The command-and-control regime continued through the demonetisation and GST. The demonetisation of 2016 was to eliminate black money, counterfeit currency and terror funding - but none of it was achieved. The GST was launched with a mid-night session of the Parliament in 2017 to end multiplicity of indirect taxes. Both ended up derailing the economic growth (the 'twin shocks').
Beyond ‘Make in India’ and ‘National Champions’ model
The ‘Make in India’ initiative and the ‘National Champions’ model can’t fully explain the economic policy intransigencies. Nor are numerous other economic policies. Here are a few more examples for illustration:
Demonetisation of 2016 had nothing to do with either – the stated goals of ending black money, counterfeit currencies and terror funding.
The oil sector was “partially” decontrolled in 2010 by the previous UPA government but “fully” by the new government in 2014 and the phrase “under-recovery” disappeared from the economic lexicon. The goal was to free the sector (predominantly PSUs) from government control. But when the Brent crude prices fell to half in 2015 (of over $100 per barrel in FY12-FY14), the retail prices didn’t go down but went up – as more and more taxes (Excise, Customs, IGST, CGST, Service Tax, Cess, Royalty, Surcharge) were imposed. In 2022 and 2023, India has received a bulk of cheap oil from Russia but the fuel prices have either stagnated (petrol and diesel) or steadily gone up (LPG and CNG).
Trade has become wholly unpredictable in the past few years, marked by– sudden bans and restrictions on trade in wheat, rice, sugar, iron ore, steel, gold, coking coal, ferronickel etc. It continued after the Foreign Trade Policy (FTP) of 2023 was announced on March 31.
A quantum jump in writing-off NPAs – ₹14.5 lakh crore during FY15-FY23) to improve bank balance sheets. It involves many corporate loan defaulters. It involves banking frauds by banking and non-banking operators along with others (the PMC Bank, Punjab National Bank, ICICI Bank, Yes Bank, Lakshmi Vilas Bank, IL&FS, HDIL, DHFL etc.).

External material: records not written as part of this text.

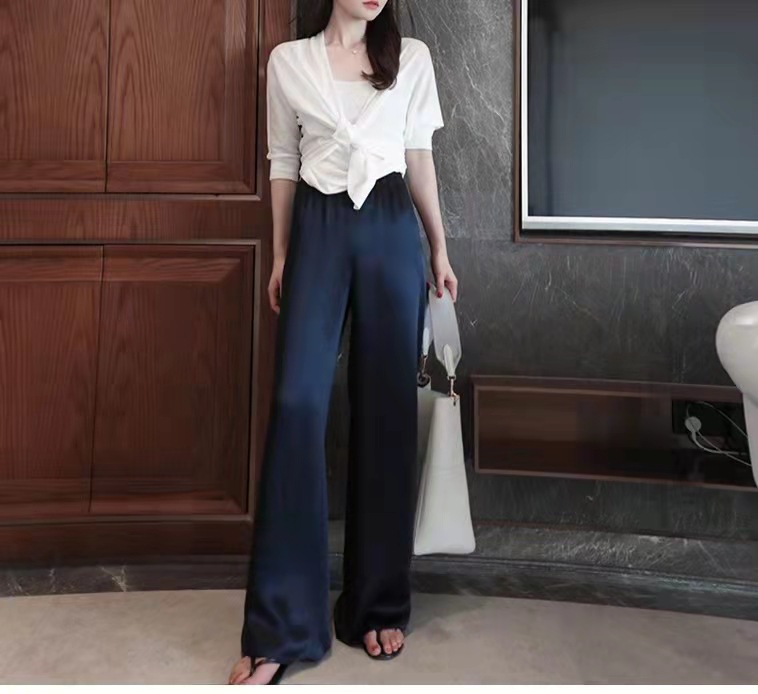 Quần âu nữ ống rộng chất liệu acetate satin cao cấp dáng xòe mùa hè — sâm panh chi tiết 7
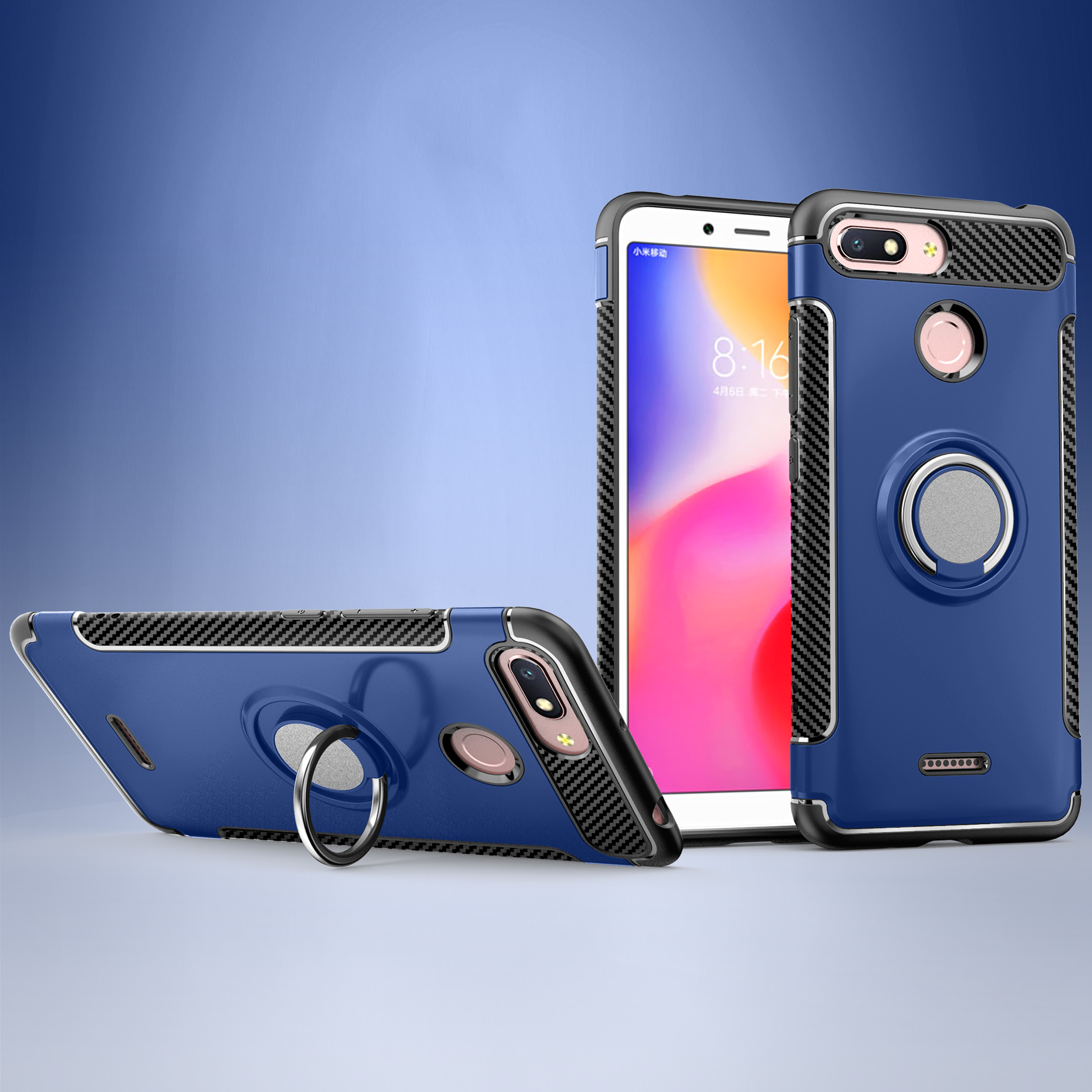 Carbon Fiber Texture TPU PC Combo Back Case for Xiaomi Redmi 6 (Dual Camera: 12MP+5MP) with Magnetic Ring Holder Kickstand - Dark Blue-1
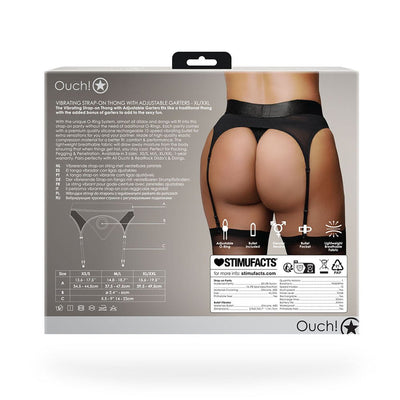 Packaging of Shots Ouch Vibrating Strap-On Thong with adjustable garters shown from the back on a model.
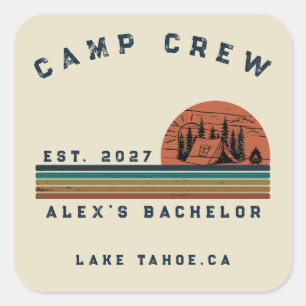 Sticker Carré Week-end de camping personnalisé pour enterrement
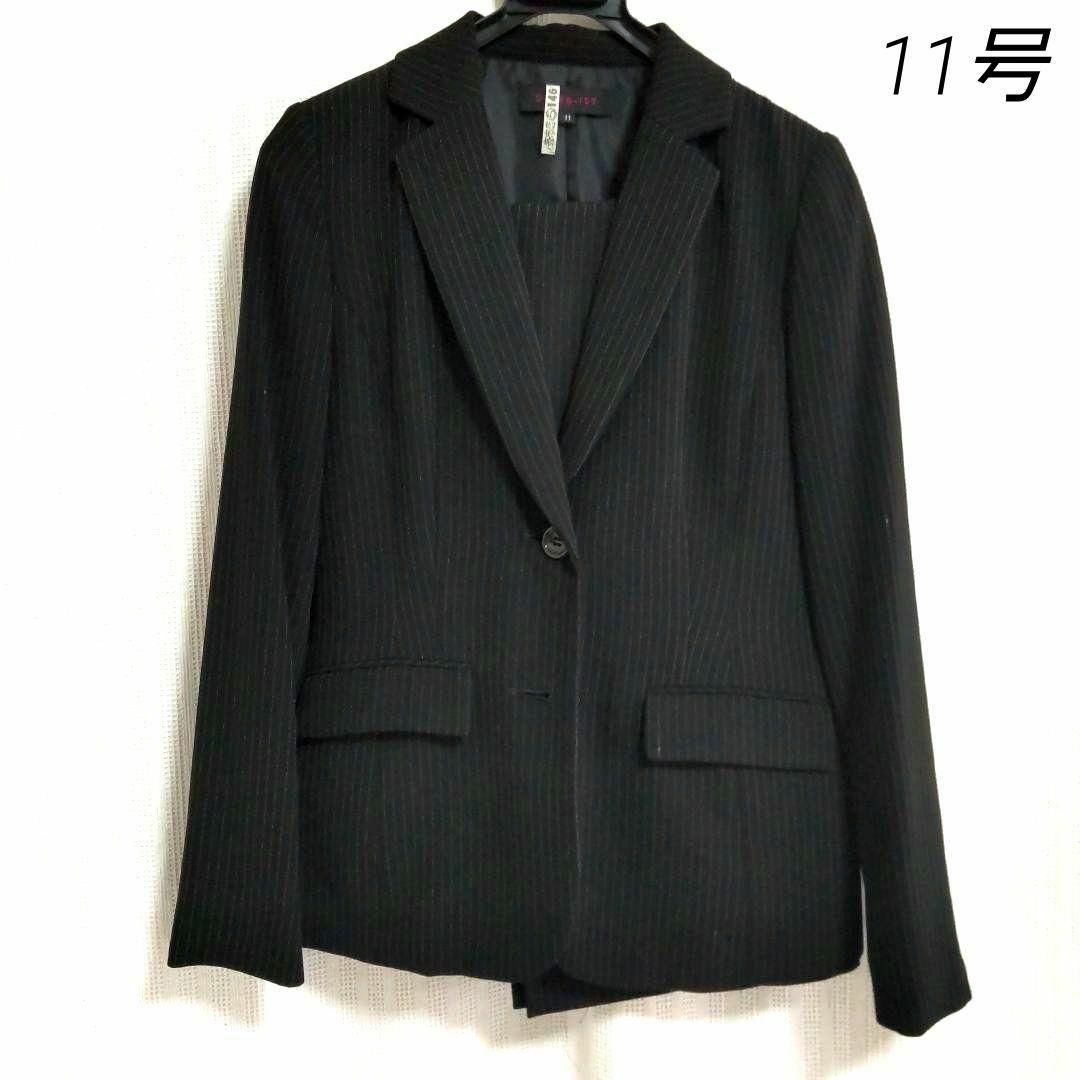 売上実績NO.1 ⑱ 3 レディース 11号 黒 ブラック ストライプ リクルートスーツ スーツ・フォーマル・ドレス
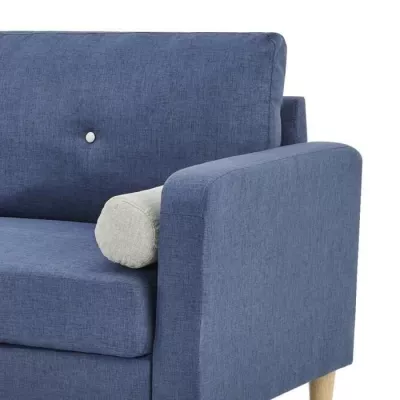 3 seater sofa + 2 cushions - Blue fabric - W 175 x D 80 x H 85 cm -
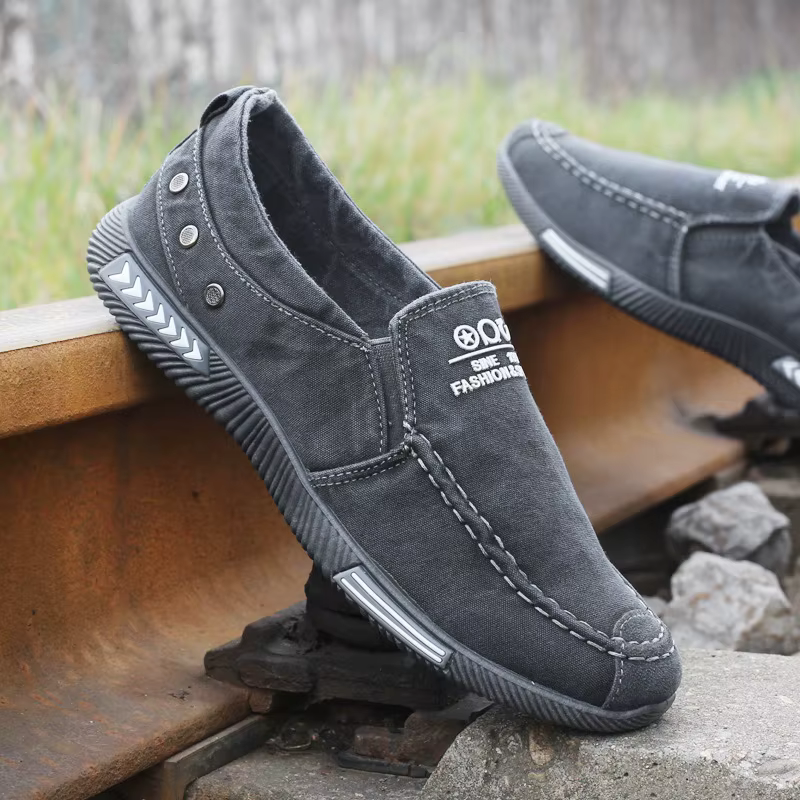 Denim hommes toile chaussures sans lacet baskets mâle pour l'été nouveau en plein air conduite mocassin à la mode Vintage mocassins chaussures pour hommes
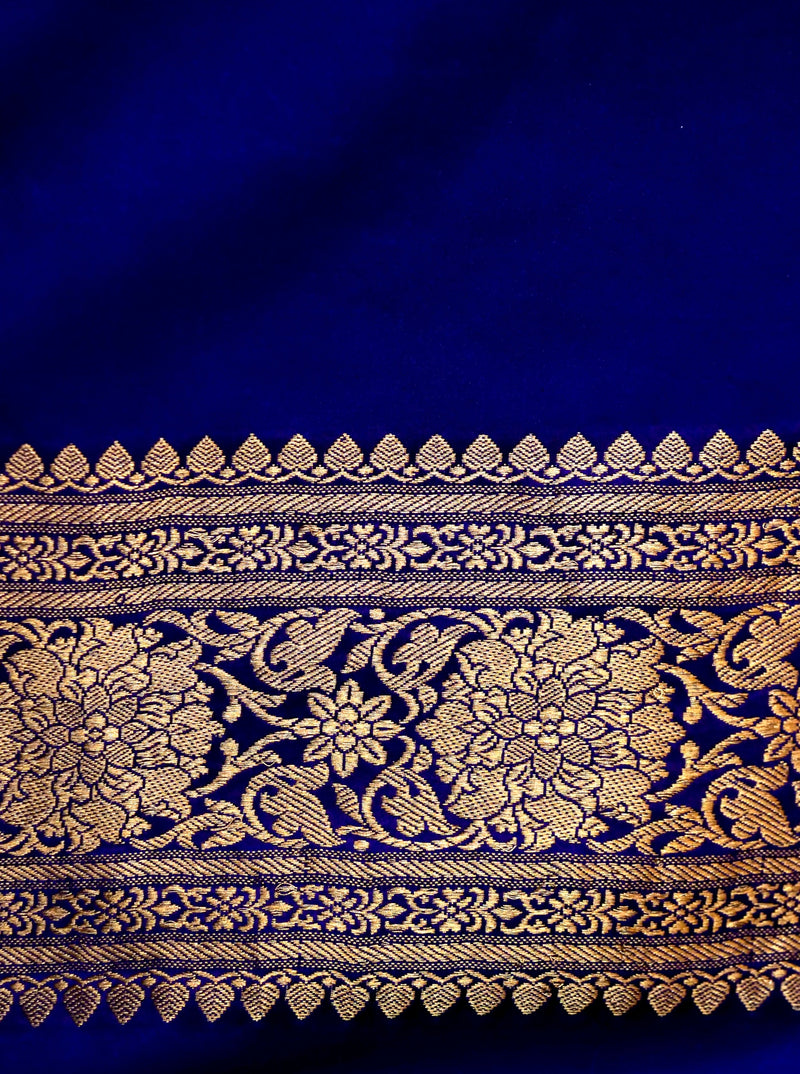 Handwoven Royal Blue Banarasi Mashru Silk Saree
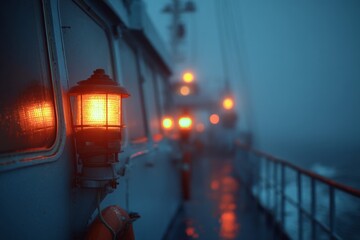 Illuminated Lantern on Boat Deck at Night Emitting Glow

In fact, RBI’s June 8, 2023 policy of “Framework for Compromise Settlements and Technical Write-offs” allows fraudsters and willful defaulters to get away and eligible for more loans after a lapse of 12 months – thus, incentivising banking frauds and willful defaults.
RBI’s irrational withdrawal of ₹2,000 notes on May 19, 2023 – while declaring such notes to continue as “legal tender” is another such step.
Continuous expansion of the PLIs and DLI without studying their impacts on the economy and without trying to decipher why the manufacturing’s share is stuck at 17-18% of GDP for 16 years.
“Big ticket” IBC reform of 2016 has failed to achieve its objective – free stuck-up capital and promote entrepreneurship – with a total yield of 17.6% of the “admitted claims” during FY18-FY23 and 75% of the firms ending in scrap sale (far worse than the previous FRBM yield of 25%). Yet, there is no attempt to study what ails it (lack of political will, poor regulatory culture and gaming of the system) or redraft it.
Corporate tax cut of September 2019 led to revenue loss of ₹2.28 lakh crore in two fiscals of FY20 (₹1.02 lakh crore) and FY21 (₹1.28 lakh crore) – as the Parliament has been told. There is no evidence of direct benefits of it to the economy since corporates used it for “debt servicing, build-up of cash balances and other current assets rather than restarting the capex cycle” as per the RBI’s annual report of 2019-20.
The surest signs of a command-and-control economy is when economic logic, planning, preparations, evidence don’t matter to policymaking, nor do adverse consequences lead to disbanding of the policy. The above instances demonstrate just that.